Mais cette victoire, lui-même ne l’obtient qu’en subissant la mort. « Si l'Esprit de celui qui a ressuscité Jésus d'entre les morts habite en vous, celui qui a ressuscité Jésus d'entre les morts donnera aussi la vie à vos corps mortels par son Esprit qui habite en vous, » nous disait saint Paul dans le deuxième lecture. De la mort infâme que subira Jésus, va surgir la vie pour tous les enfants de Dieu.
Au cœur du récit évangélique, ce n'est pas le miracle qui importe, mais le dialogue de Jésus avec Marthe. « Je suis la résurrection et la vie », et aussi la réponse de Marthe: « Oui, Seigneur, je crois que tu es le Christ, le Fils de Dieu qui doit venir dans le monde. » Cette confession de foi de Marthe dans l'Évangile de Jean est bien plus plénière que celle de Pierre : « A qui irions-nous ? Tu as les paroles de vie éternelle » (6, 66-71).

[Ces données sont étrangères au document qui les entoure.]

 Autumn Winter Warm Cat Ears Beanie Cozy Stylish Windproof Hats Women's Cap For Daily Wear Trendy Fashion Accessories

Le texte d'Ézéchiel peut nous aider à appliquer ce récit à notre existence : « Je mettrai en vous mon esprit et vous vivrez de nouveau. » Nous faisons l'expérience de la mort de plusieurs façons au cours de notre existence. La façon dont Lazare sort du tombeau en est l’expression symbolique : « les mains et les pieds liés de bande et le visage couvert d'un suaire ».
Notre « visage est couvert d'un suaire. ». Ce suaire peut être le masque de mort que nous nous sommes fait pour nous protéger des autres, ou pour nous montrer autre que ce que nous sommes. Peut-être est-ce le masque de nos ambitions, de nos peurs ou de nos mensonges … autant de formes de mort.
« Déliez-le et laissez-le aller ! » Il ne nous reste que quinze jours d’ici Pâques. Inventons un jeûne qui soit une occasion de plus grande liberté à l’égard de ce qui nous aliène. Accueillons le sacrement de la réconciliation comme la grâce d’être déliés de nos péchés. Accueillons l’invitation à la prière comme une plus grande intimité avec Dieu. Enfin partageons avec les pays du Sud par la deuxième collecte d’ « Entraide et Fraternité » dimanche prochain.